Question

explain the following reactions

(a) carbylamine reaction

(b) sandmeyer reaction

Answer 1

(a) Carbylamine reaction: It is also called the Isocynide test because the product formed will be isocyanide which will have a foul test.

This reaction can be given only by 1-degree amines($\mathrm{R}-{\mathrm{NH}}_2,\mathrm{Ar}-{\mathrm{NH}}_2$)

$\mathrm{R}-{\mathrm{NH}}_2+{\mathrm{CHCl}}_3+\mathrm{KOH}\stackrel{\mathrm{Heat}}{\to }\mathrm{R}-{\mathrm{N}}^{+}{\mathrm{C}}^{-}+3\mathrm{KCl}+3{\mathrm{H}}_2\mathrm{O}$

Mechanism:

• In the first step potassium hydroxide(KOH) breaks down into anion and cation-

$\mathrm{KOH}\to {\mathrm{K}}^{+}+{\mathrm{OH}}^{-}$

• Now the nucleophile $\left({\mathrm{OH}}^{-}\right)$ attacks the chloroform and excretes hydrogen from the chloroform and leaves trichlorocarbene behind-

$$\begin{gathered} {\mathrm{CHCl}}_3+{\mathrm{OH}}^{-}\to :{\mathrm{CCl}}_3+{\mathrm{H}}_2\mathrm{O} \\ \mathrm{Trichloro} \\ \mathrm{carbene} \end{gathered}$$

• Now one chlorine from trichlorocarbene will be released out and it becomes dichlorocarbene.

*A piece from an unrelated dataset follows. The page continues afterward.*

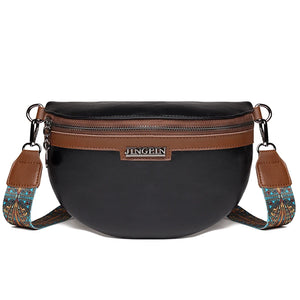 Women Crossbody Bags Pu Leather Female Chest Pack Retro Solid Shoulder Messenger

$$\begin{gathered} {\mathrm{CCl}}_3^{-}\stackrel{-{\mathrm{Cl}}^{-}}{\to }:{\mathrm{CCl}}_2 \\ \mathrm{dichlorocarbene} \end{gathered}$$

• Now dichlorocarbene(electrophile) will attack primary alkylamine and alkyl isocyanide will be formed.

(b) Sandmeyer reaction: In this reaction, the diazonium salt reacts with copper salt in presence of their respective acids to form haloarene.

Intermediate will be the free radical on which the halogen group attacks as an electrophile.